*** EXERCISE DATA ***

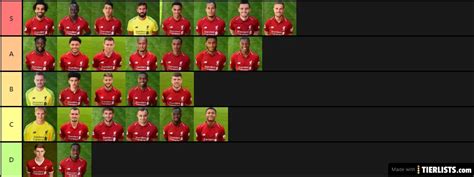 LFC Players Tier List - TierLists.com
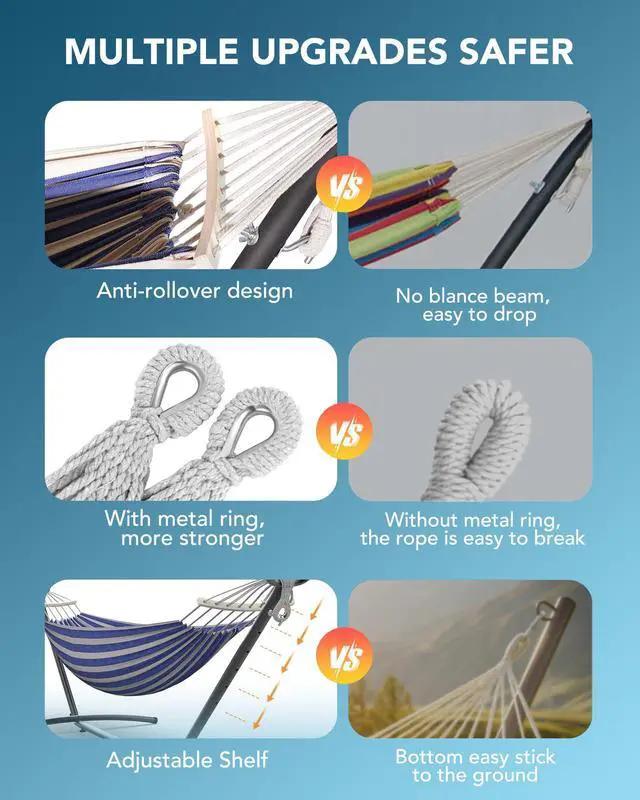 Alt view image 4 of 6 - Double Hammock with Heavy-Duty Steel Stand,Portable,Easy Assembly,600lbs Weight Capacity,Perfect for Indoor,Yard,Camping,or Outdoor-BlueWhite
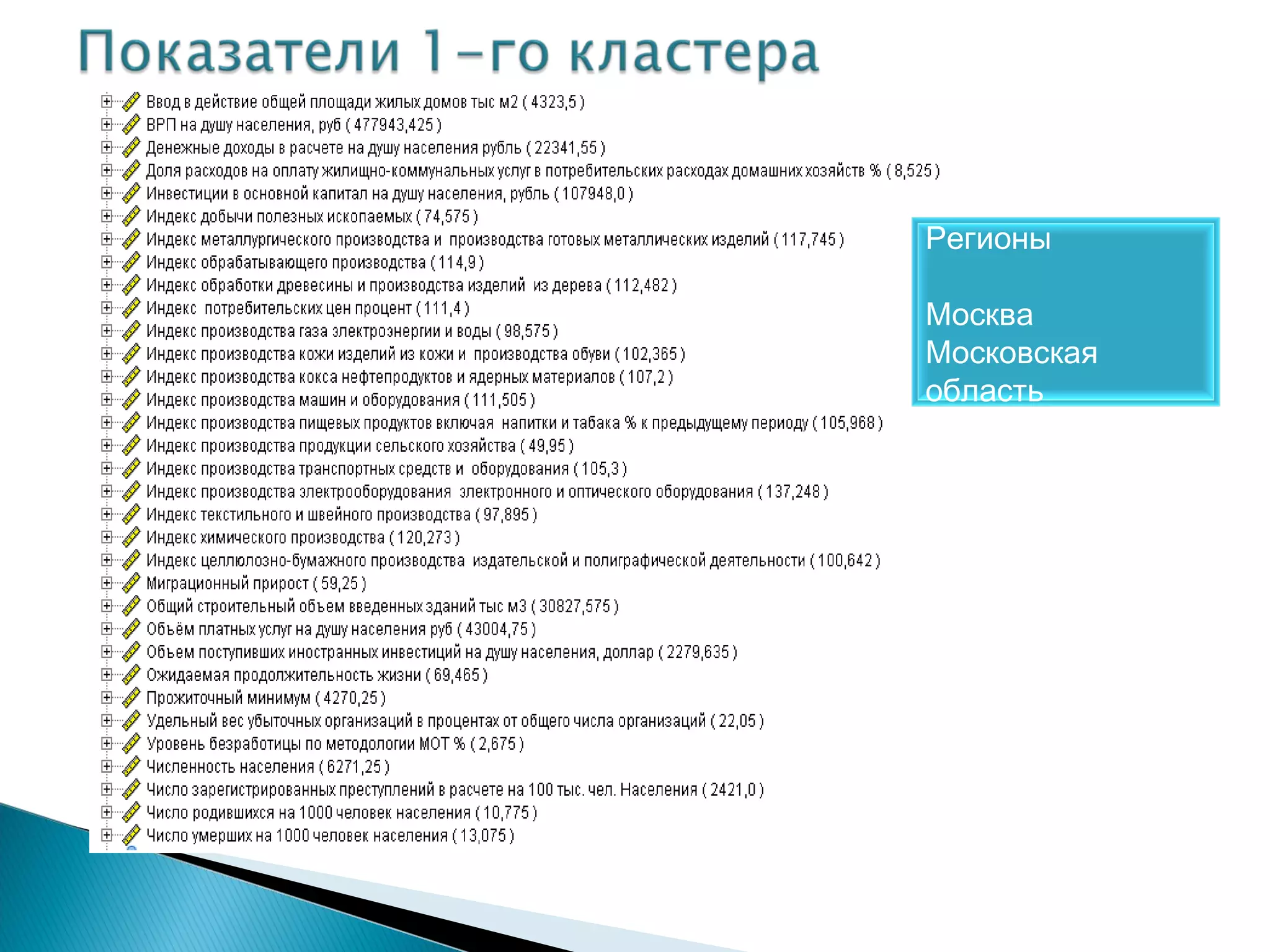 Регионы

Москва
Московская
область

***
*** EXERCISE DATA ***

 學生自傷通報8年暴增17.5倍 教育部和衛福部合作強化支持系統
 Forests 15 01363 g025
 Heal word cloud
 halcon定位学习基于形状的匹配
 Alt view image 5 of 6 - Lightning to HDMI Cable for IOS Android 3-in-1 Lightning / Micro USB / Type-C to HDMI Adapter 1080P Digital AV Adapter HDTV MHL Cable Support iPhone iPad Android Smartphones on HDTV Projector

***
*** EXERCISE DATA ***

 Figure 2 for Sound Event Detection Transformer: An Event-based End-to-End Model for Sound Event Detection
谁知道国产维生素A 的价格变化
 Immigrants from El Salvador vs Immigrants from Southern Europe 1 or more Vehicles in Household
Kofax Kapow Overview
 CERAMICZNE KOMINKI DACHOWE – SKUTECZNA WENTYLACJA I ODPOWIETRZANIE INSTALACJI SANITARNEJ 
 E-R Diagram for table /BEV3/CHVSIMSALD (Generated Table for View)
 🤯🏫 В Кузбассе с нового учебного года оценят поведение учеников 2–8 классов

***

### [TASK DIRECTIONS]
Given the records above, return exactly the lines starting at the line containing "谁知道国产维生素A 的价格变化" and ending at the line containing "учеников 2–8 классов", including both.

### [ANSWER TO THIS EXERCISE]
谁知道国产维生素A 的价格变化
 Immigrants from El Salvador vs Immigrants from Southern Europe 1 or more Vehicles in Household
Kofax Kapow Overview
 CERAMICZNE KOMINKI DACHOWE – SKUTECZNA WENTYLACJA I ODPOWIETRZANIE INSTALACJI SANITARNEJ 
 E-R Diagram for table /BEV3/CHVSIMSALD (Generated Table for View)
 🤯🏫 В Кузбассе с нового учебного года оценят поведение учеников 2–8 классов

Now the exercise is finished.